Enfin ses deux derniers mariages avec Umm Habiba et Maïamuna Bint Al-Harith eurent lieu pour des raisons stratégiques, dans le but d'une réconciliation et d'une alliance avec les familles dominantes de la Mecque. Toutefois, Morsy souligne que le prophète attachait une importance au consentement de la femme.

Si nous revenons aux fondements de cet islam, la condition de la femme dans l'entourage du prophète au VIIe siècle nous paraît a priori plus progressiste que celle d'aujourd'hui en Arabie saoudite, en Afghanistan et dans l'État Islamique où l'héritage direct de la Jahiliya persiste. Magali Morsy achève son livre en mentionnant cet avertissement dans le Coran: «Dieu ne modifie rien en un peuple avant que celui-ci ne change ce qui est en lui».

Mais prenons garde de ne rien idéaliser. Mohammed songea un jour à se séparer de sa vieille femme Sawda, qui fut surprise en train de reprocher à des prisonniers de manquer de valeurs guerrières et d'être responsables de la mort de ses deux frères qui faisaient partie du camp adverse.
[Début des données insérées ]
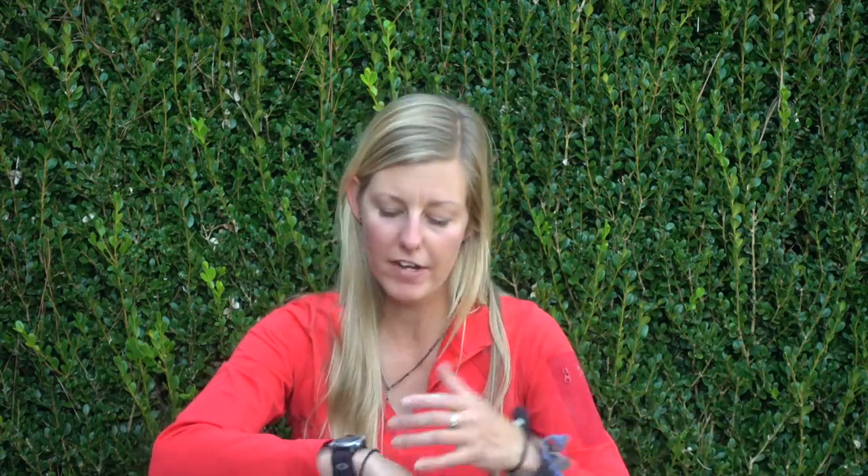I also had a set of headphones for podcasts and music. For a watch, I have the Timex Expedition — a cheap, water-resistant watch available on Amazon. What I love most is the alarm function for when my phone is off at night to conserve battery, and the Indiglo feature — a button you push to light up the watch face in the middle of the night. It's also just convenient to check the time without pulling out my phone.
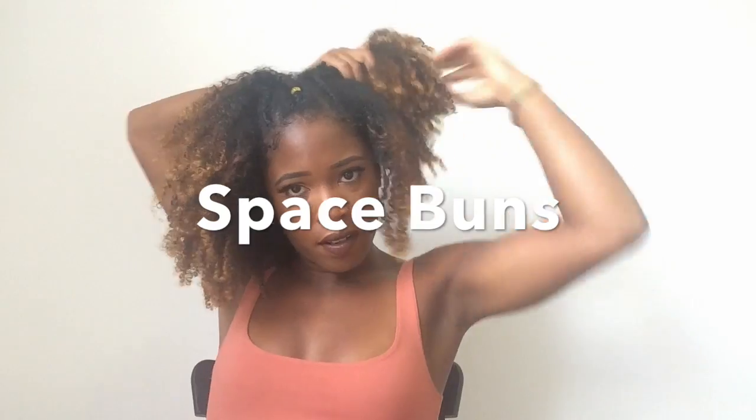So for the last hairstyle, I'm going to be doing two space buns. I'm just going to split my hair down the middle and then put them into two ponytails and start twisting my hair around the ponytail until I get a good size for my bun. And then I'm just going to wrap it around twice with my bow, and that's it.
Le divorce fut tout juste évité grâce à l'intervention d'Aicha. Mais à quel prix? Au prix de céder ses jours en compagnie du prophète à la «bien aimée».

Le prophète avait aussi une concubine copte, Maria qu'il n'épousa point car celle-ci préféra conserver sa liberté de conscience dans son choix de rester chrétienne. Pourrait-on conclure que le mariage mixte était impossible dans l'islam du VIIe siècle? Ou Maria, en tant que chrétienne, ne pouvait-elle épouser un homme polygame? Safiya, juive de naissance, eut le privilège de se marier parce qu'elle s'était convertie à l'islam.
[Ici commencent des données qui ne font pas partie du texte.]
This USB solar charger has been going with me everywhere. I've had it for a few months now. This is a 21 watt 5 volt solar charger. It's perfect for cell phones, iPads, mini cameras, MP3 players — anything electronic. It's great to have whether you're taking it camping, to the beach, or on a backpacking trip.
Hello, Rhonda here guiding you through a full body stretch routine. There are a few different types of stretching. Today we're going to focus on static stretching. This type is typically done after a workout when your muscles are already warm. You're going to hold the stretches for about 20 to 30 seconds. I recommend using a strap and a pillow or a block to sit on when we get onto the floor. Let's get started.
Dernière chose concernant la polygamie. Morsy nous dit que le Coran préconise ceci: «si vous craignez de n'être pas équitables, prenez une seule femme» et ajoute «vous ne pouvez être parfaitement équitables à l'égard de chacune de vos femmes».

Nous vous laissons le soin de conclure.

Magali Morsy (1933-2005) fut professeur d'histoire à l'Université de Paris III, spécialiste de l'histoire du Maghreb. D'origine britannique par son père et française par sa mère, mariée à un Marocain, parlant parfaitement le berbère, elle vécut de nombreuses années au Maroc où elle enseigna à l'Université de Rabat. On lui doit des travaux remarquables notamment ceux sur la culture maraboutique dans l'Atlas marocain et ceux concernant la vie de Thomas Pellow, jeune anglais, vendu comme esclave à la cour du sultan Mulai Ismail au XVIIIe siècle.

Remarque : certains de ses travaux ont été publiés sous le nom de Magali Patchett-Morsy.